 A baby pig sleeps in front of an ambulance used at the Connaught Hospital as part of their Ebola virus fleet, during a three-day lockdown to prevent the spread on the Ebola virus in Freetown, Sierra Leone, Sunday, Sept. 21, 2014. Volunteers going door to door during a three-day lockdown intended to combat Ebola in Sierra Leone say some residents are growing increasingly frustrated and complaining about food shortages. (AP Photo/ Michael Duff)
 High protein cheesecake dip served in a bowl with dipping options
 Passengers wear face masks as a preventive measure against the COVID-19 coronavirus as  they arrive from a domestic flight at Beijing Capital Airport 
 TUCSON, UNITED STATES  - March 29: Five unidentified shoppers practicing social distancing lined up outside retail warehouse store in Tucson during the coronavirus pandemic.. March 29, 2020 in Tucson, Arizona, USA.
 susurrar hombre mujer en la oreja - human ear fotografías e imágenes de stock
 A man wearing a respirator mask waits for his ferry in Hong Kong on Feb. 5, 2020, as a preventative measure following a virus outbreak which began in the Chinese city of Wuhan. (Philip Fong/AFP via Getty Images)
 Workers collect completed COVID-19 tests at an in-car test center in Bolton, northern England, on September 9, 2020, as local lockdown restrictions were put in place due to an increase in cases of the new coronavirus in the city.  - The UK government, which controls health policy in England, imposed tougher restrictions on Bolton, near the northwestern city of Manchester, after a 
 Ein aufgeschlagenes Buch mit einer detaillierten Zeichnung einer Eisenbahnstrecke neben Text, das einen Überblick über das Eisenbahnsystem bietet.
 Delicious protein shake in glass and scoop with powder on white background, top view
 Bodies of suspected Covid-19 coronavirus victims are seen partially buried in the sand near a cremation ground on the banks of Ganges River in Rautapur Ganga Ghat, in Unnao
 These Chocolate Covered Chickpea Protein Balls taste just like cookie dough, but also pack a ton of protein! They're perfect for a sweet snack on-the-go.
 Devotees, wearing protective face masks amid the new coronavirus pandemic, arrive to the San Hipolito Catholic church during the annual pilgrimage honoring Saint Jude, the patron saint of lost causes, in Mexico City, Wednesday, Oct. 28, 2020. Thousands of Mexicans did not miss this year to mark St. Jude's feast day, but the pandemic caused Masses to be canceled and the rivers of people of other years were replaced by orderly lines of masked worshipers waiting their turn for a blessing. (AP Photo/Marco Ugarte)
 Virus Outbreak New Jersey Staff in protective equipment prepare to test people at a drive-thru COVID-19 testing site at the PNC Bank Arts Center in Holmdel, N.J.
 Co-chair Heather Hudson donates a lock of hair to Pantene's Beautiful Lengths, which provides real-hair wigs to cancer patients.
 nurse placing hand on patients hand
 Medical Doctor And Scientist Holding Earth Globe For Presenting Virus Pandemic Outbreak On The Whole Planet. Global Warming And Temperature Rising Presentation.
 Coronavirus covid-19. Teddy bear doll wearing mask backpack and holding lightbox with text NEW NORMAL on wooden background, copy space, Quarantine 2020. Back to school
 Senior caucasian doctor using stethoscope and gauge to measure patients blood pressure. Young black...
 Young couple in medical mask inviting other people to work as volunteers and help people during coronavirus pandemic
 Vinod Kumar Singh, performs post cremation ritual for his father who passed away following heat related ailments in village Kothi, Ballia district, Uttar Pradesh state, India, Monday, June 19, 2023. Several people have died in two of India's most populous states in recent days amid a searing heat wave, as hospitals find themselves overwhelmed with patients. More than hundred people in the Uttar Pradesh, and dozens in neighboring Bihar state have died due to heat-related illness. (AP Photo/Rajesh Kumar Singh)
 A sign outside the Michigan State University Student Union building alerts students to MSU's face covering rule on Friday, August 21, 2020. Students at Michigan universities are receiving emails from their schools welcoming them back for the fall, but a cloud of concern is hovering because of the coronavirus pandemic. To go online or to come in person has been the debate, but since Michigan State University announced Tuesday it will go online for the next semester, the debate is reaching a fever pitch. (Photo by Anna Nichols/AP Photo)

### ASSIGNMENT
Find how many lines of the records hold the string "background", then give that number by itself.

### EXERCISE RESULT
2